Do you have a lot of pre-processing or very large samples?
Hi, thanks for responding.
actually i have almost no pre-processing and my samples are audio files with duration of aprrox 1 second so it’s a 1X8000 tensor, not large in any way.
for some reason i believe the set-up of all the workers occurs every time i re-access a dataloader (be it train or test). i’m guessing it’s not a normal behavior.
would it help if i post my dataset code?
class AudioDataset(Dataset):
"""Dataset Class for Loading audio files"""
def __init__(self, DataDir, timeDepth):
self.DataDir = DataDir
self.timeDepth = timeDepth
self.Audio_Sample_Length = 319
self.sampling_rate = 8000
self.GlobalFrameRate = 25.2462
self.audio_duration = 122
self.quantization_channels = 256
self.audio_len_in_frames = math.floor(self.audio_duration*self.sampling_rate/self.Audio_Sample_Length)
self.normalize = True
# create short audio samples from long wav files
raw_audio = [x for x in os.listdir(self.DataDir) if ".wav" in x]
labels_stack = []
labels_pkl_file = os.path.join(self.DataDir, "labels.pkl")

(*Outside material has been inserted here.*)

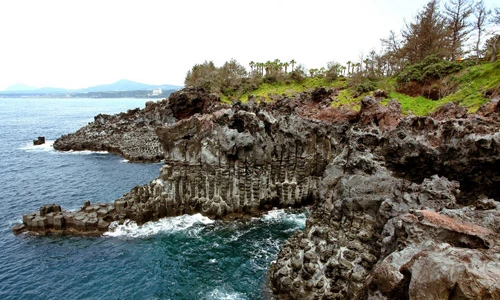 Ngắm kỳ quan địa chất giống hệt Ghềnh Đá Đĩa ở Hàn Quốc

if not os.path.exists(labels_pkl_file):
piece_num = 0
for i ,f in enumerate(raw_audio):
print("processing audio file %s" % f)
full_path = os.path.join(self.DataDir,f)
audio, Fs = librosa.load(full_path,sr=self.sampling_rate,duration=self.audio_duration)
if self.normalize:
audio = librosa.util.normalize(audio)
labels = get_ground_truth("Speaker%d" % (i + 1), self.GlobalFrameRate, self.audio_duration)
for end_frame in range(self.timeDepth,self.audio_len_in_frames):
audio_seq = audio[(end_frame - self.timeDepth) * self.Audio_Sample_Length:end_frame * self.Audio_Sample_Length]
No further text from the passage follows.